TASK: Return nothing but the lines from the one with "Samsung galaxy s9" through the one with "తిరుమలలో డింపుల్ హయతి" in the data below, word for word and without pictures.

SOURCE RECORDS:
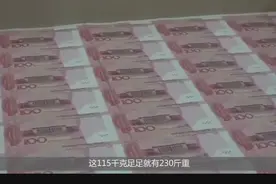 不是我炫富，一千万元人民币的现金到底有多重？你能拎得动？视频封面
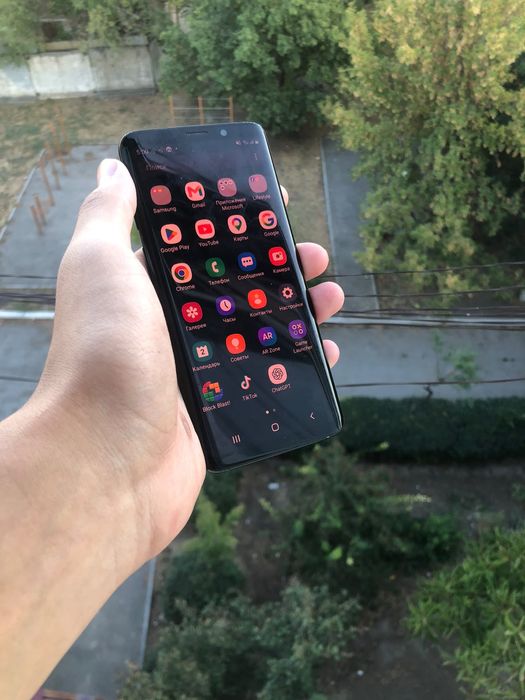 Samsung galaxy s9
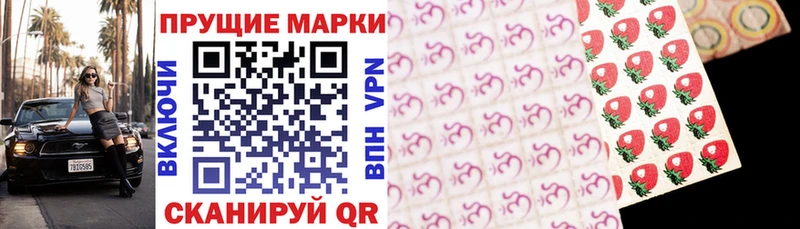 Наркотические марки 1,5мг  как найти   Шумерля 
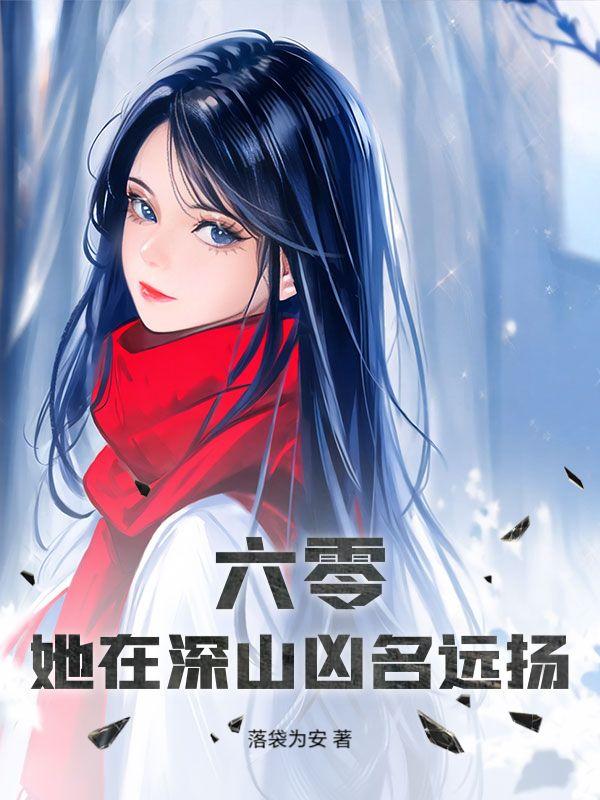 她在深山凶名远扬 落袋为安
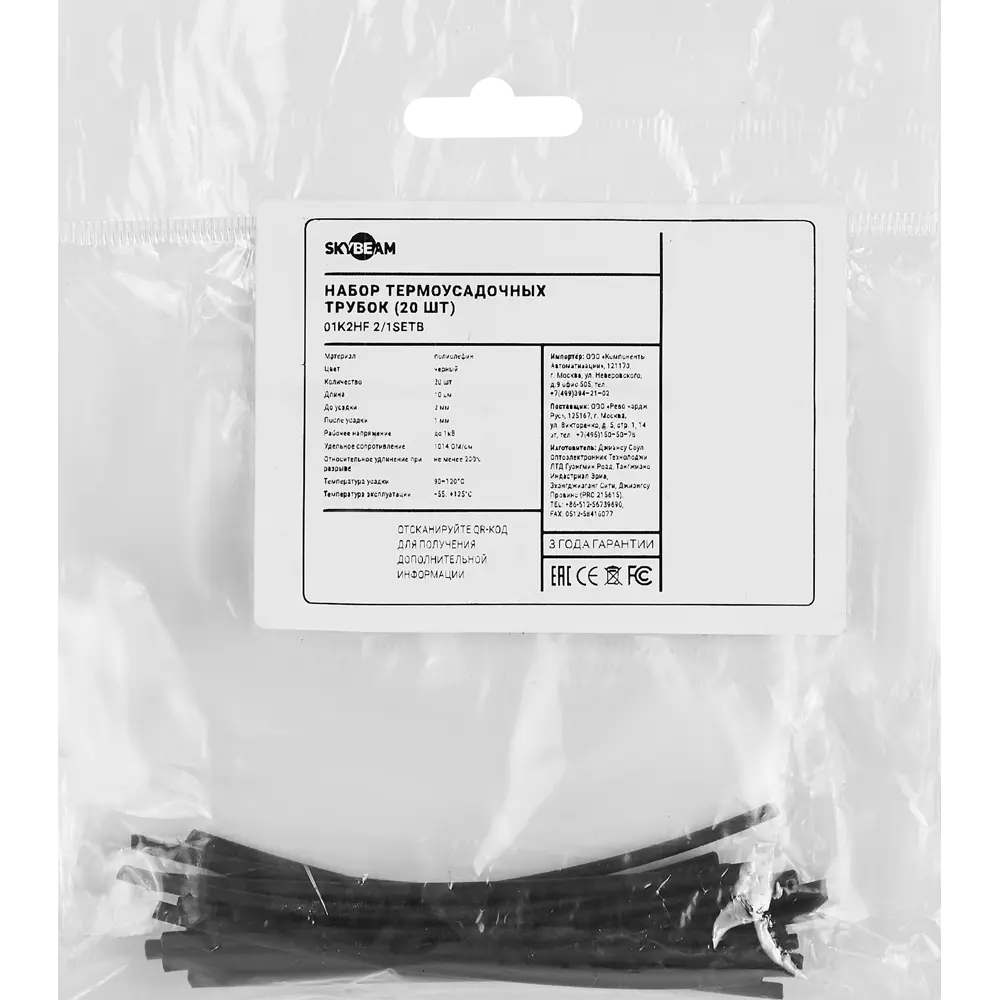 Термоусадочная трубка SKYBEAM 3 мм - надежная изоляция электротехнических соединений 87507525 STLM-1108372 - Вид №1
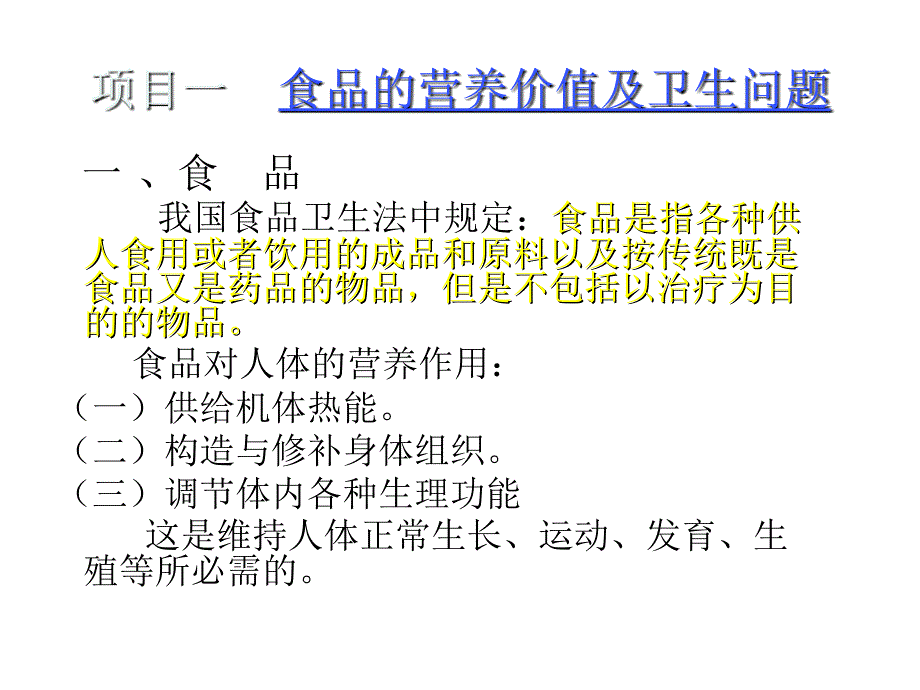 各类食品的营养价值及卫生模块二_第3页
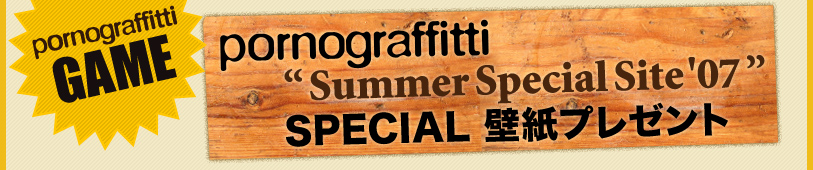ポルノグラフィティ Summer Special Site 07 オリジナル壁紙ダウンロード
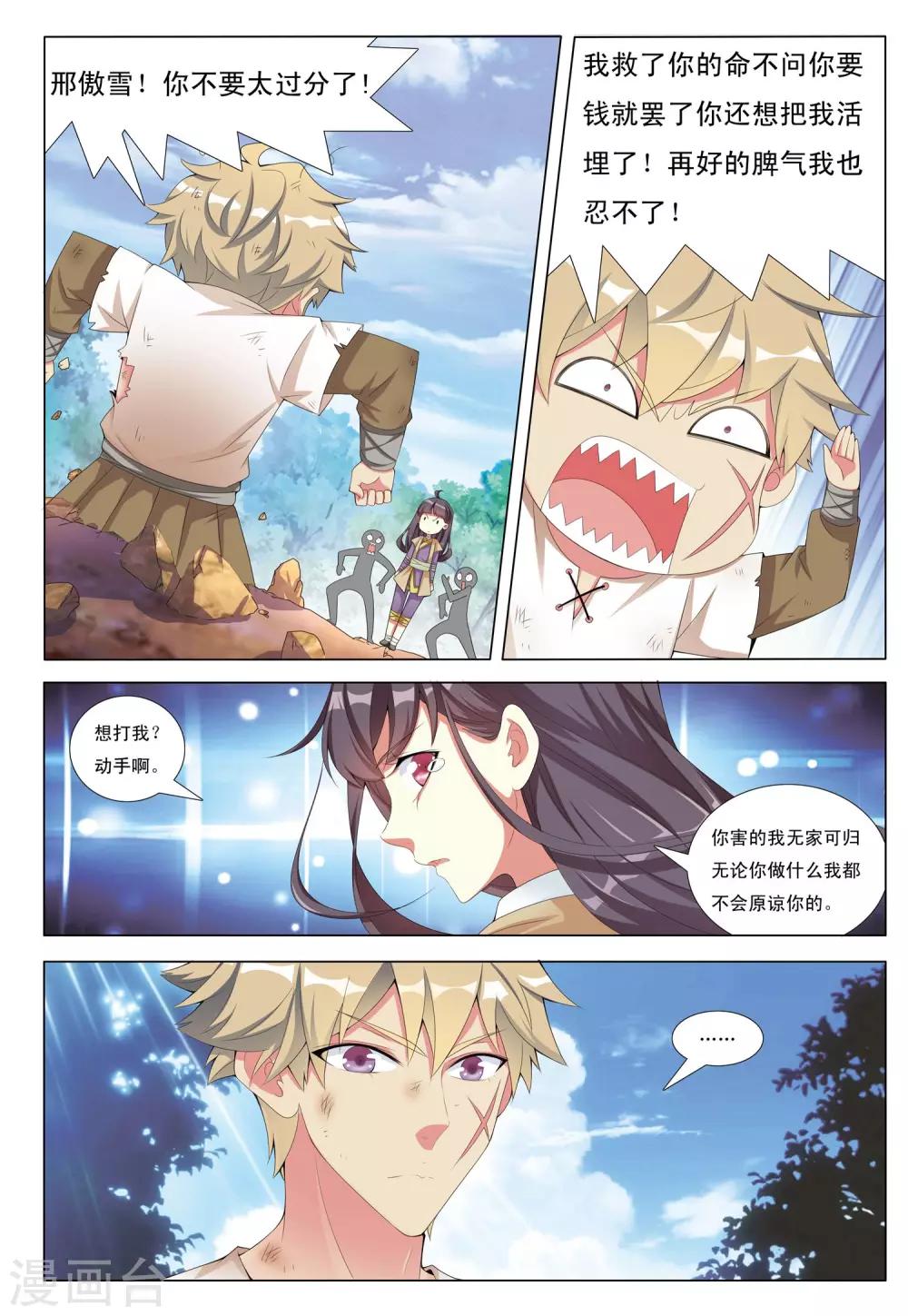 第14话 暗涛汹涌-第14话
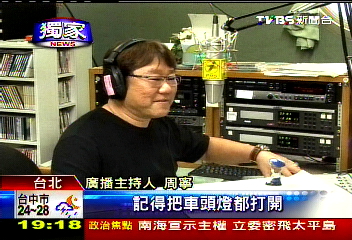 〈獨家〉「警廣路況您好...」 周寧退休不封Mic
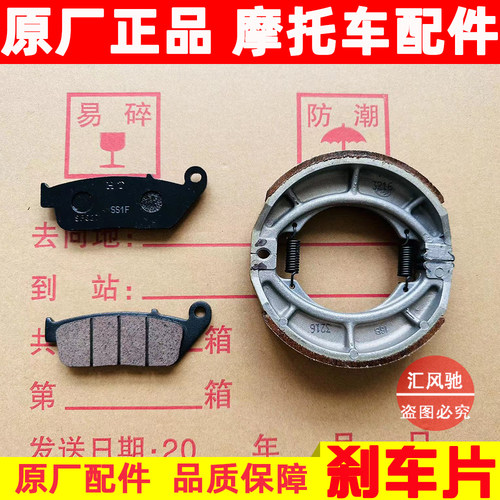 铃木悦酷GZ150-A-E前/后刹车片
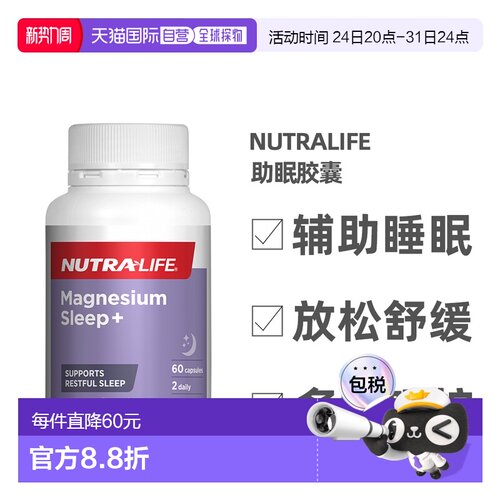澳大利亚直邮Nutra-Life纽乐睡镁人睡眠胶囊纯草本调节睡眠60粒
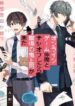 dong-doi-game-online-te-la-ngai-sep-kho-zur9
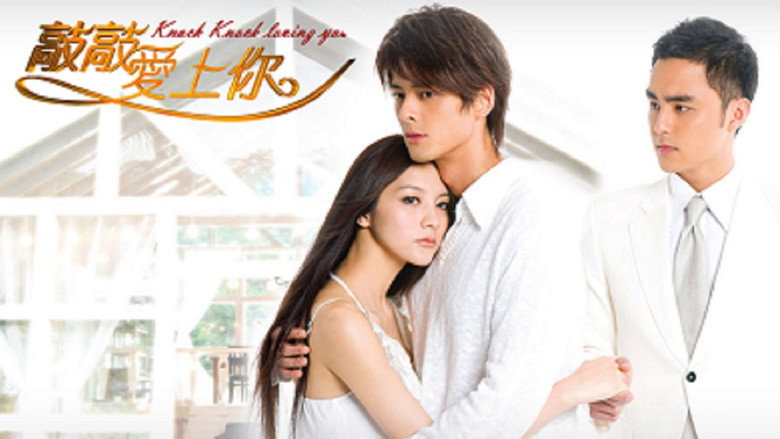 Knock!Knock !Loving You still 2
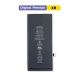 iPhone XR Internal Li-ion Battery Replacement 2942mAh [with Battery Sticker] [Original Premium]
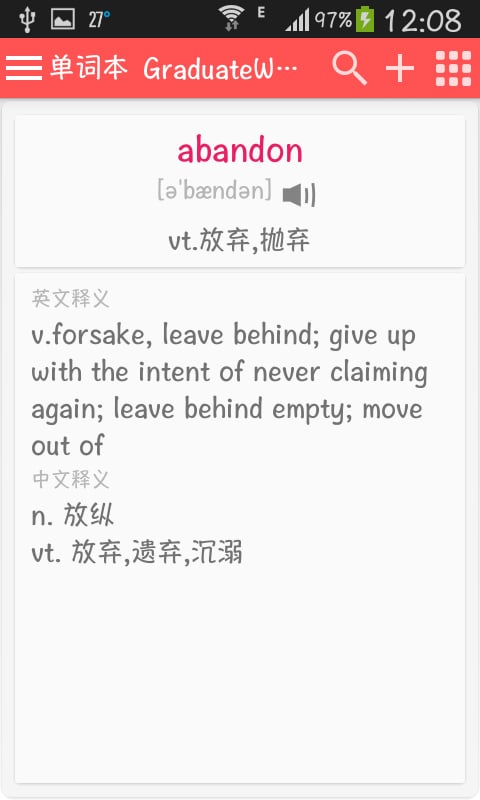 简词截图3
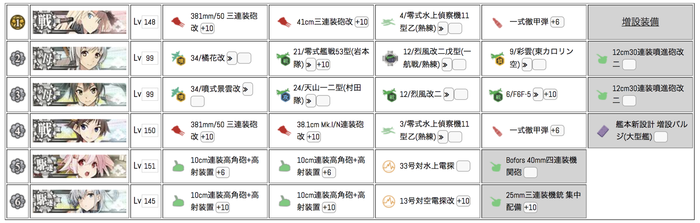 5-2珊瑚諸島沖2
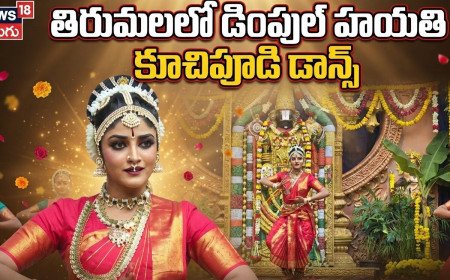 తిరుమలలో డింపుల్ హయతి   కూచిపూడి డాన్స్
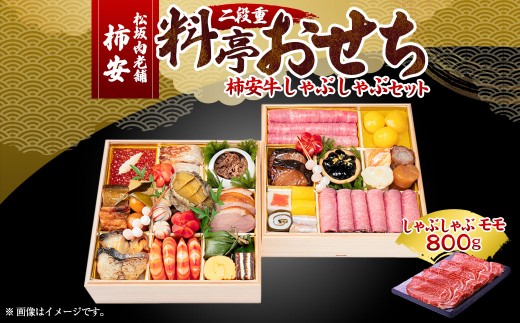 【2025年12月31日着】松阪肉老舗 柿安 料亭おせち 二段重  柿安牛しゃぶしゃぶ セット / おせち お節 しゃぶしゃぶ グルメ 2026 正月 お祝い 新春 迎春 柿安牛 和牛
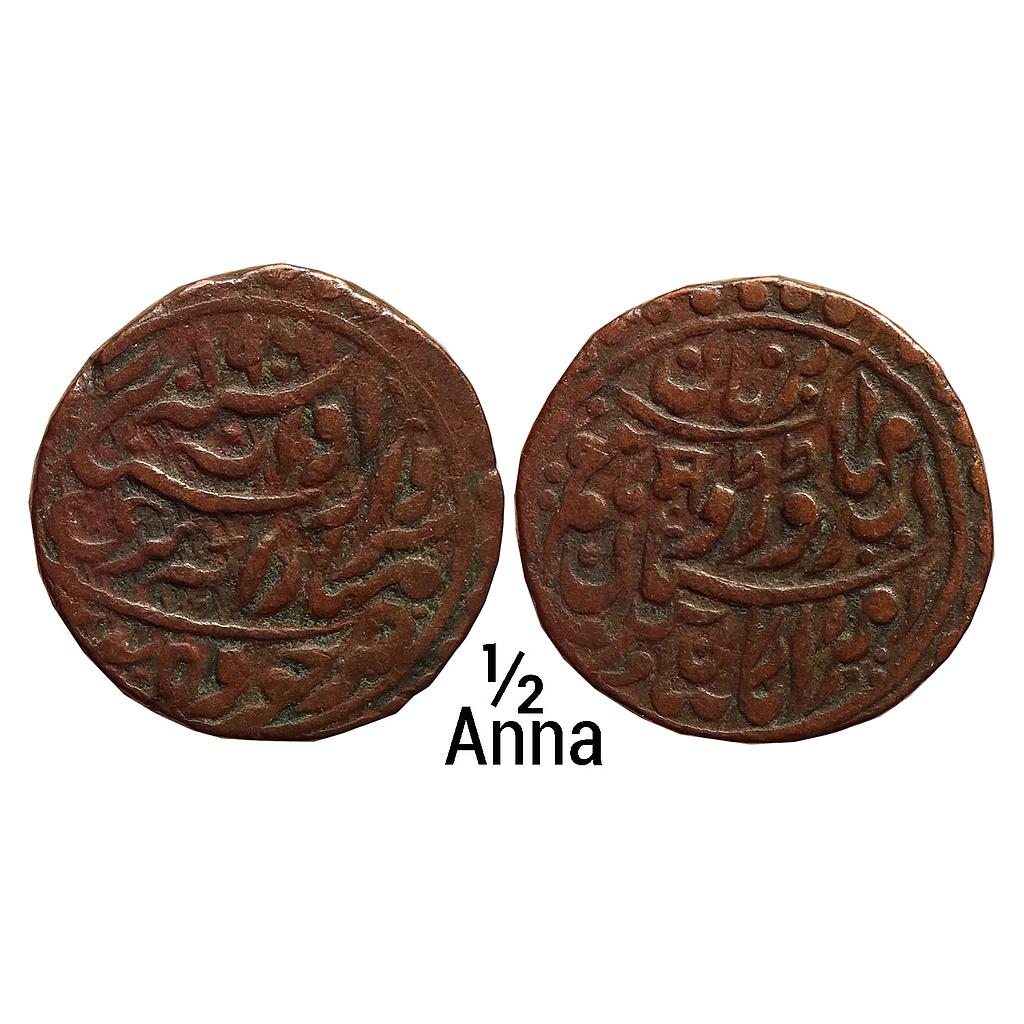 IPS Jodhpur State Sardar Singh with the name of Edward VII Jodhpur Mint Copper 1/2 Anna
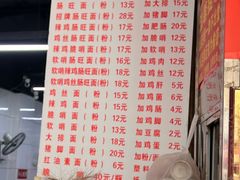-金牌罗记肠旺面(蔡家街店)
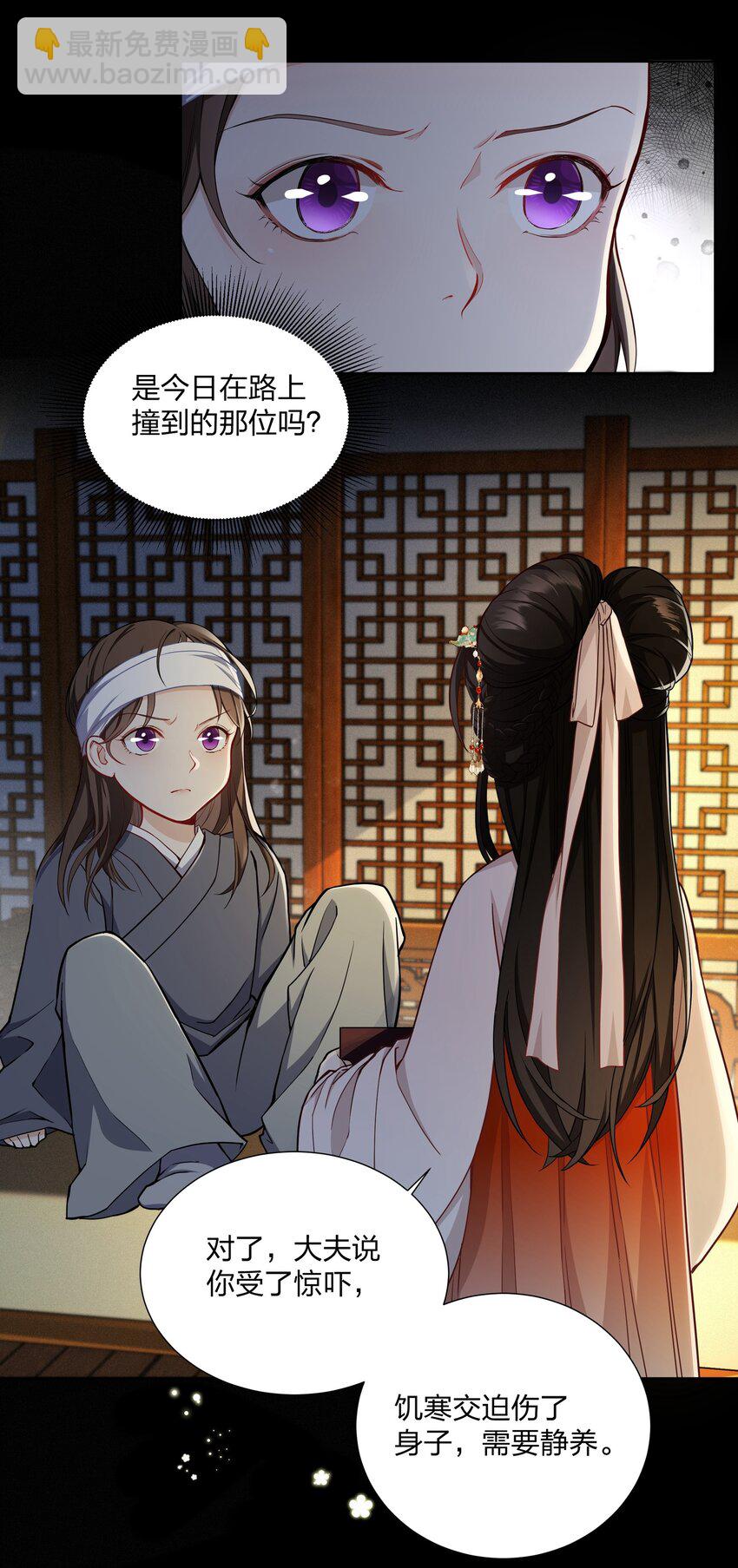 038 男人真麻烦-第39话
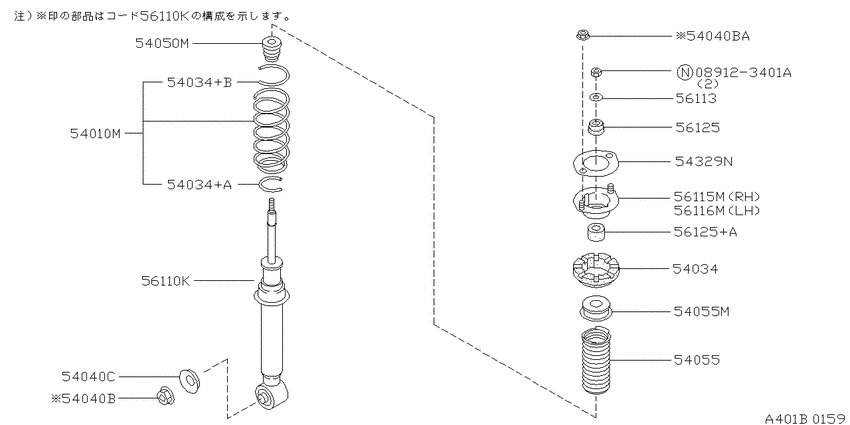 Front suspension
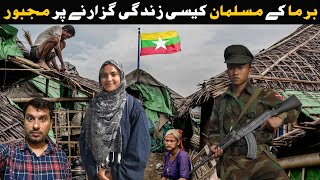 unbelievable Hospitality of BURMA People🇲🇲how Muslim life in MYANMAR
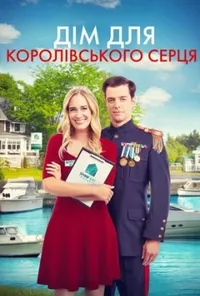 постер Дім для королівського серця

RESULT OF THE TASK:
 Samsung galaxy s9
 Наркотические марки 1,5мг  как найти   Шумерля 
 她在深山凶名远扬 落袋为安
 Термоусадочная трубка SKYBEAM 3 мм - надежная изоляция электротехнических соединений 87507525 STLM-1108372 - Вид №1
 各类食品的营养价值及卫生模块二_第3页
ポルノグラフィティ Summer Special Site 07 オリジナル壁紙ダウンロード
 第14话 暗涛汹涌-第14话
 〈獨家〉「警廣路況您好...」 周寧退休不封Mic
 铃木悦酷GZ150-A-E前/后刹车片
澳大利亚直邮Nutra-Life纽乐睡镁人睡眠胶囊纯草本调节睡眠60粒
 dong-doi-game-online-te-la-ngai-sep-kho-zur9
 Knock!Knock !Loving You still 2
 iPhone XR Internal Li-ion Battery Replacement 2942mAh [with Battery Sticker] [Original Premium]
 简词截图3
 5-2珊瑚諸島沖2
 తిరుమలలో డింపుల్ హయతి   కూచిపూడి డాన్స్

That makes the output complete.